At 11pm on a Saturday in March 2026, one of our reviewers had a filing tool throw seventeen validation errors on an ESEF package because the prior-year file was pointing at an IFRS Accounting Taxonomy 2026 that doesn’t exist. It took forty minutes of searching the IFRS Foundation release page to confirm what we already suspected. There is no 2026 taxonomy. In February 2026, the Foundation published a note stating that the 2025 IFRS Accounting Taxonomy remained current for the 2026 reporting period, with no content or technology changes. The next annual taxonomy will be published in Q1 2027, and that one will matter because it incorporates the full IFRS 18 mandatory tagging structure.
In our experience, this is the release that trips up three out of five junior reviewers picking up an ESEF file for the first time. The 2025 IFRS Accounting Taxonomy remains the current version for the 2026 reporting period because the IFRS Foundation determined that no content or technology changes were needed. Entities should continue using the 2025 taxonomy for digital tagging in line with local jurisdictional requirements.
Key takeaways
- Why the IFRS Foundation skipped a 2026 taxonomy release and what the 2025 taxonomy already contains
- How the ESEF 2025 taxonomy update (mandatory for EU issuers with financial years starting on or after 1 January 2026) creates a dual-track IAS 1 / IFRS 18 structure
- What the 2025 taxonomy’s IFRS 18 elements mean for early adopters vs standard-timeline entities
- What auditors should check in ESEF filings for the 2026 reporting season
What happened: no 2026 taxonomy release
The IFRS Foundation publishes the IFRS Accounting Taxonomy annually, typically in Q1. Each release reflects new or amended IFRS standards that affect taxonomy content. In February 2026, the Foundation published guidance confirming that no 2026 release was necessary. The 2025 version already reflects all IFRS standards issued up to 1 January 2025, and no further amendments required taxonomy changes for the 2026 reporting period.

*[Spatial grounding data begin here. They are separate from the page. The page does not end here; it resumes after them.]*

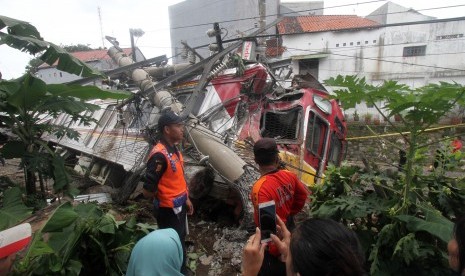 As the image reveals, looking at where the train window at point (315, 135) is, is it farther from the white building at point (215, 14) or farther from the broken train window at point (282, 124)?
the white building at point (215, 14)

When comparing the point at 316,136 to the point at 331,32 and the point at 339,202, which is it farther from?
the point at 331,32

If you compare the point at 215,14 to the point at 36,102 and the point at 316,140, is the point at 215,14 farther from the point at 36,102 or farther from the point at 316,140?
the point at 36,102

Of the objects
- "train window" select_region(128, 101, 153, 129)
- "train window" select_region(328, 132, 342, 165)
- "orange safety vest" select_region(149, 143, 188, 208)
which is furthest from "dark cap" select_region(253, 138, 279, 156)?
"train window" select_region(328, 132, 342, 165)

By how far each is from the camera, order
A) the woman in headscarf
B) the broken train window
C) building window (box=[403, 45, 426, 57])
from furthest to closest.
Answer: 1. building window (box=[403, 45, 426, 57])
2. the broken train window
3. the woman in headscarf

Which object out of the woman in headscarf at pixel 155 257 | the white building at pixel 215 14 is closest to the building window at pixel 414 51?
the white building at pixel 215 14

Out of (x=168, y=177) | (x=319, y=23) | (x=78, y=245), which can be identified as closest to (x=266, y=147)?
(x=168, y=177)

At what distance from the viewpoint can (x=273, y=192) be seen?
2.19 metres

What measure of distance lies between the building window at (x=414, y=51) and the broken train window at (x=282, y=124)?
49.0 ft

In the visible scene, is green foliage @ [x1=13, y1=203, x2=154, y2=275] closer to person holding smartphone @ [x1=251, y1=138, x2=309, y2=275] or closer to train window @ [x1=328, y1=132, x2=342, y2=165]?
person holding smartphone @ [x1=251, y1=138, x2=309, y2=275]

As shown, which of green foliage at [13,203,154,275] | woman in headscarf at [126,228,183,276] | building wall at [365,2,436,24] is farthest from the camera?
building wall at [365,2,436,24]

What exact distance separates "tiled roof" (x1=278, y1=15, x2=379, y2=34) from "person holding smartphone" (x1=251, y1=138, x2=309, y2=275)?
20.0m

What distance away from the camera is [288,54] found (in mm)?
19891

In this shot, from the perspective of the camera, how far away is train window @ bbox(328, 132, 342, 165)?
295 inches

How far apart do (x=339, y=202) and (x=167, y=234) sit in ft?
4.14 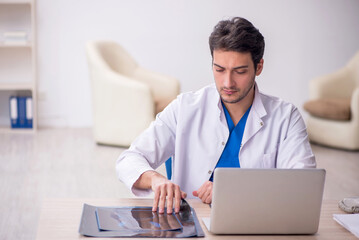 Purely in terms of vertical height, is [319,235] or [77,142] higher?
[319,235]

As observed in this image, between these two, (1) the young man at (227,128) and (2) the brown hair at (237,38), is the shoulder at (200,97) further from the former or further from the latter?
(2) the brown hair at (237,38)

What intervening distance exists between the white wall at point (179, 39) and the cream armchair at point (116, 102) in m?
0.73

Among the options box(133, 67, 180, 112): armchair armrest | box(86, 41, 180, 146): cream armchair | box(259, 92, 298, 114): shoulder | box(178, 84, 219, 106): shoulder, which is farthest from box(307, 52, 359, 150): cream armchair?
box(178, 84, 219, 106): shoulder

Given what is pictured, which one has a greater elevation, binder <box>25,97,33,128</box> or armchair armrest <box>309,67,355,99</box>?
armchair armrest <box>309,67,355,99</box>

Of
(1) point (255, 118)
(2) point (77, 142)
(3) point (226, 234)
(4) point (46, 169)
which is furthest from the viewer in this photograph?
(2) point (77, 142)

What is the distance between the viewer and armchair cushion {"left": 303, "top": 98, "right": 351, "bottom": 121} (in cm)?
520

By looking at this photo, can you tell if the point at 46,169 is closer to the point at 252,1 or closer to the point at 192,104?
the point at 192,104

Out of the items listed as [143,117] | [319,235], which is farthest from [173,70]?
[319,235]

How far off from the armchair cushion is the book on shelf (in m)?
2.88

This is not unusual. The Foundation has skipped updates before when the annual standards pipeline did not produce taxonomy-relevant changes. For auditors, the practical consequence is straightforward. The 2025 taxonomy is the filing version for both the 2025 and 2026 reporting years.
The IFRS Foundation also noted that the next annual taxonomy will be published in Q1 2027. That release will be the one incorporating mandatory IFRS 18 tagging elements for all entities (not just early adopters). If your client reports on a calendar year-end, the 2027 taxonomy will apply to their first mandatory IFRS 18 financial statements (FS).
What the 2025 taxonomy contains
The 2025 taxonomy (published March 2025) was a material update. It incorporated five sets of changes from standards issued during 2024. IFRS 18 Presentation and Disclosure in Financial Statements arrived in April 2024. IFRS 19 Subsidiaries without Public Accountability followed in May 2024. Amendments to the classification and measurement of financial instruments under IFRS 9 and IFRS 7 were also issued in May 2024. Annual Improvements Volume 11 was issued in July 2024, and contracts referencing nature-dependent electricity under IFRS 9 and IFRS 7 came in December 2024.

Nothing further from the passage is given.